Al-Shakhura or simply Shakhura (Arabic: شاخورة, sometimes transliterated as Shakura) known as Shah Khoura (شاه خورا) in Persian, is a village situated in north-central Bahrain. It is a part of the Northern Governorate administrative region. The village is notable for its burial mounds, which have been nominated as a UNESCO World Heritage Site.

== Etymology ==
Given Bahrain's connection with Persian rules on the Island, particularly during the Achaemenid, Sassanian, Parthian, and Safavid Empires, the name "Shakhura" (شاه خورا) likely has Persian roots, similarly to other city names. "Shah" (شاه) means "king" in Persian, while "Khura" (خورا) is less clear but could be derived from older or regional Persian dialects:

- One possible interpretation is that "Khura" might mean "food" or "sustenance," so Shakhura could be translated as "King's sustenance" or "King's nourishment."
- Another is that "Khura" (خورہ) could be derived from "khur" (خور) which in Persian means "bay," Together, "Shah Khura" could potentially mean "King's Bay" or "Bay King".

However, the exact meaning might be linked to a historical or geographical context that could reveal a more specific interpretation.

==History==
Shakhura is the site of an ancient necropolis dating back to the Tylos era of Bahraini history. The site was estimated to have been occupied from the 3rd century BC to the 4th century AD. Of significant interest of the site was a large 80 m long, 4–12.7 high burial mound. It was noted to have had several distinct raised parts. The mound was demolished during the 1990s to make way for buildings.

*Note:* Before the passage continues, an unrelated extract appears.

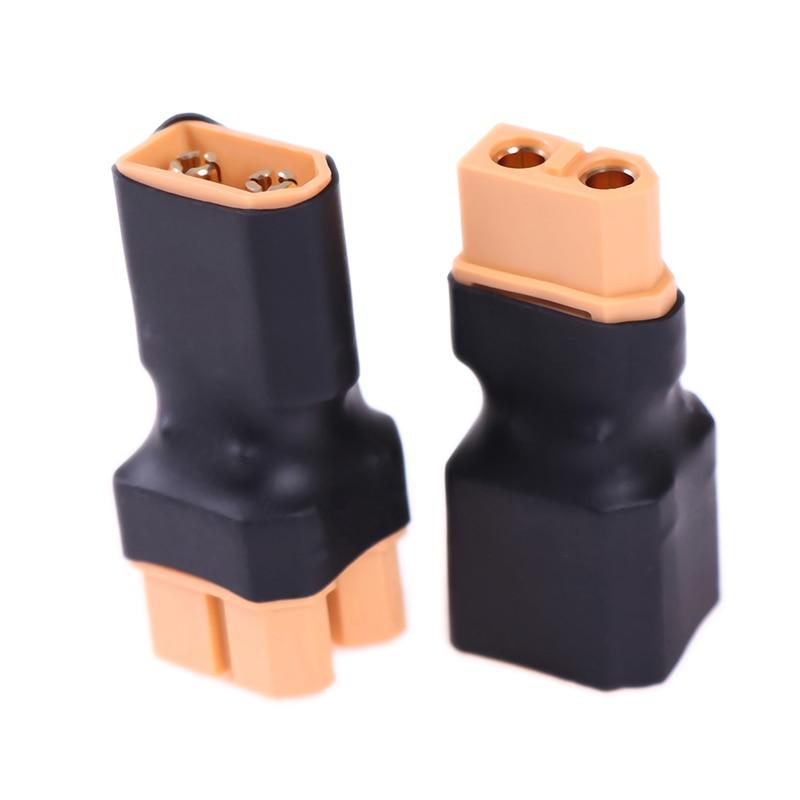 1 Pcs XT60 Parallel Adapter Converter Connector Cable Lipo Battery Harness Plug Wiring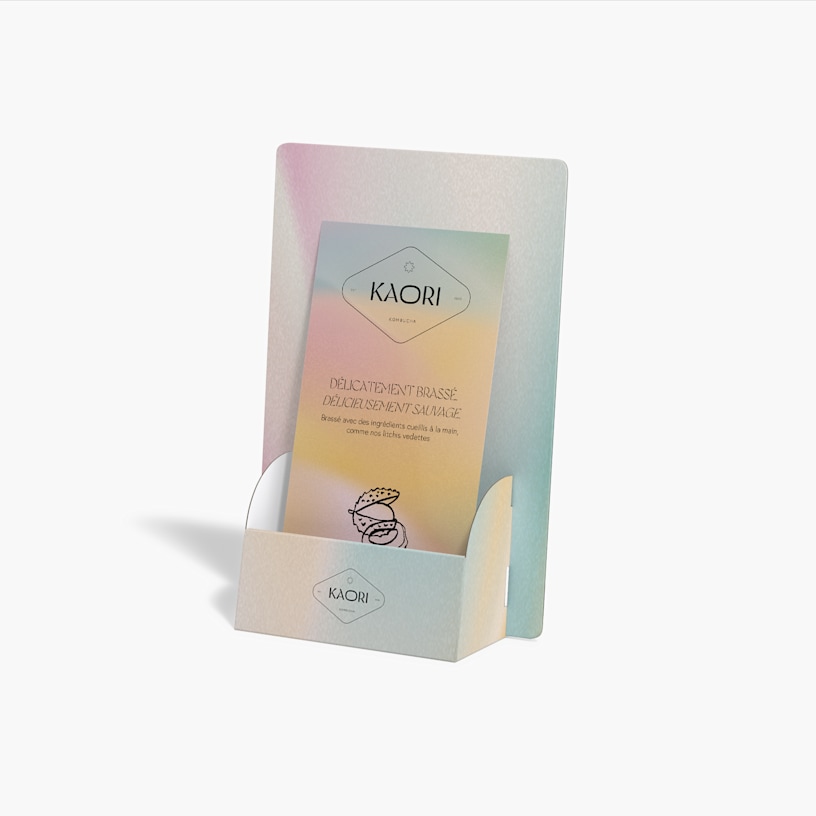 Exemple 2 de produit sélectionné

==Archaeological excavations==
Archaeological work at the mound revealed 90 graves with the earliest graves situated in the centre of the mound, while others were added later in arcs around the mound. Excavations carried out by Captain Robert Higham from the Royal Signals during the 1960s revealed a number of important artefacts dating from the Roman and Parthian times, included an intact glass ribbed bowl, that are now kept at the British Museum in London. In 2008, archaeologists announced the discovery of a layer of ash that contained fragments of glazed pottery with fish and animal bones, on the site. This led to archaeologists speculating that the Tylos civilisation practiced funeral banquets, which involved offering food and drink to the deceased and burying human and animal bones inside the tomb.